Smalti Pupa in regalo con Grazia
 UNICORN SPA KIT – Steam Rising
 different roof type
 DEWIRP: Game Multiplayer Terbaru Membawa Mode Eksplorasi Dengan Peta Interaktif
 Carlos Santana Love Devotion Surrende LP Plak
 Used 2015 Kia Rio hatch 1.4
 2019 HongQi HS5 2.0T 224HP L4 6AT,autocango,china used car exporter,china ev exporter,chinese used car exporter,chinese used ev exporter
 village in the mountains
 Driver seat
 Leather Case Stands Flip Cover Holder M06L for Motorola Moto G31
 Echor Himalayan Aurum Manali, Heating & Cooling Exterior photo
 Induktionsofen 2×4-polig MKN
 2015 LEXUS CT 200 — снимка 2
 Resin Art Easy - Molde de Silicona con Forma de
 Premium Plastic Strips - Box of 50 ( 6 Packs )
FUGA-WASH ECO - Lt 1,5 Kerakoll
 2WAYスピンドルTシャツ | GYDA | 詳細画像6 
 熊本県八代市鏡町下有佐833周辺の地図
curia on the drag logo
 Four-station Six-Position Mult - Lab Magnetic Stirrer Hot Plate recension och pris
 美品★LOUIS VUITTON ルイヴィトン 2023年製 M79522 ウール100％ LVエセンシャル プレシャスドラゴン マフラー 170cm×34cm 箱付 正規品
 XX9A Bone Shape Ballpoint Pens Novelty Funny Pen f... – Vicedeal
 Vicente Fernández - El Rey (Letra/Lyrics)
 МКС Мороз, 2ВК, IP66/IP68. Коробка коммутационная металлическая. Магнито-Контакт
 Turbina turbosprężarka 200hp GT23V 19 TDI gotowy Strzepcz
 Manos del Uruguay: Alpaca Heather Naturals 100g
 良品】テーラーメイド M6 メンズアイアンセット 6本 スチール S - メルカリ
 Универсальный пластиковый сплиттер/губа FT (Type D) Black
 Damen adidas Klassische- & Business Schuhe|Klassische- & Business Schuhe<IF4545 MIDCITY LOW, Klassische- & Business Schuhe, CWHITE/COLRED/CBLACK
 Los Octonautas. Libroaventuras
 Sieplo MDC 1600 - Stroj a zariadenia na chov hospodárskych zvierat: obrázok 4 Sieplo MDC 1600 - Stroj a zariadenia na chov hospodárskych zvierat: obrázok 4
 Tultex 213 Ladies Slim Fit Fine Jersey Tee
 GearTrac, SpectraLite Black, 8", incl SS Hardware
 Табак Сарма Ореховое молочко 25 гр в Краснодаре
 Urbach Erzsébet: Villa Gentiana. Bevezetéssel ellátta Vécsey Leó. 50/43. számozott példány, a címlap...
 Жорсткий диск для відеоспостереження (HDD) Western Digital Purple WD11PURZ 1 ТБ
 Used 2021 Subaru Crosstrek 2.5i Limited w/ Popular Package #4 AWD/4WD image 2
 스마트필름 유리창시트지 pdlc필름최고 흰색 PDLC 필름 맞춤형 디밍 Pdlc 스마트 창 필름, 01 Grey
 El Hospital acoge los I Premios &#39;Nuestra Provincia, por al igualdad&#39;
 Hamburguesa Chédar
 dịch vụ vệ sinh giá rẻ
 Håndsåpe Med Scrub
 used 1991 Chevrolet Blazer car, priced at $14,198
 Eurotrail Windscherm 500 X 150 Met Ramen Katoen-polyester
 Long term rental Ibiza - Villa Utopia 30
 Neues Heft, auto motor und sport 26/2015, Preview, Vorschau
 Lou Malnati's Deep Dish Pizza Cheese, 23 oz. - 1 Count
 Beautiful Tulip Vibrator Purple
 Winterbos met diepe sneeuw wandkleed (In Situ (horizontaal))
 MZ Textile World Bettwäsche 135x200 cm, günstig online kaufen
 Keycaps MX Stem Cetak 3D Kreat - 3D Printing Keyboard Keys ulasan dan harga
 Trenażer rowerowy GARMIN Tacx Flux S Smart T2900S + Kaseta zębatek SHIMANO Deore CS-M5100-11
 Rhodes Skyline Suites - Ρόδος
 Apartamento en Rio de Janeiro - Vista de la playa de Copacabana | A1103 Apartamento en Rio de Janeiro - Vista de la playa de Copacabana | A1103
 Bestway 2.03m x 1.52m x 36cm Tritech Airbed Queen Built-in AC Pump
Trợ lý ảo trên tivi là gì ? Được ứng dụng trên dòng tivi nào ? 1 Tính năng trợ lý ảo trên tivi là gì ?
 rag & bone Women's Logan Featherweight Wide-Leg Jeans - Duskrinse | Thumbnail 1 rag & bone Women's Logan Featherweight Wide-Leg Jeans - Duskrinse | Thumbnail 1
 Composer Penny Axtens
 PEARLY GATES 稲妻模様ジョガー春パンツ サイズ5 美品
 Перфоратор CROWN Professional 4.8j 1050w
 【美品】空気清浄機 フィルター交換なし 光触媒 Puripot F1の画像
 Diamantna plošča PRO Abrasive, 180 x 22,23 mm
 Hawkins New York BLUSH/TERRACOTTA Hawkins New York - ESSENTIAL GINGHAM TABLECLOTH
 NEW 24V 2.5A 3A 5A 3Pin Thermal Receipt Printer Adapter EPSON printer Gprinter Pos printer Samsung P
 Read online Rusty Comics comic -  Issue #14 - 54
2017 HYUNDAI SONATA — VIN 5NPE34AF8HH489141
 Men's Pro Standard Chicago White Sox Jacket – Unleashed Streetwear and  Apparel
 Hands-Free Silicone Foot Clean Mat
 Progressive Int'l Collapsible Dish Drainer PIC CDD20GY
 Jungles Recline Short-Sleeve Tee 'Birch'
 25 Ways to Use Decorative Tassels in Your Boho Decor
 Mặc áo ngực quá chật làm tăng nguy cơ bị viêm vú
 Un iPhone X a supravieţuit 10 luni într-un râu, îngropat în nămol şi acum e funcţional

## [Task statement]
Please filter the entries for the word "online" and copy the lines that have it.

## [Written answer]
 MZ Textile World Bettwäsche 135x200 cm, günstig online kaufen
 Read online Rusty Comics comic -  Issue #14 - 54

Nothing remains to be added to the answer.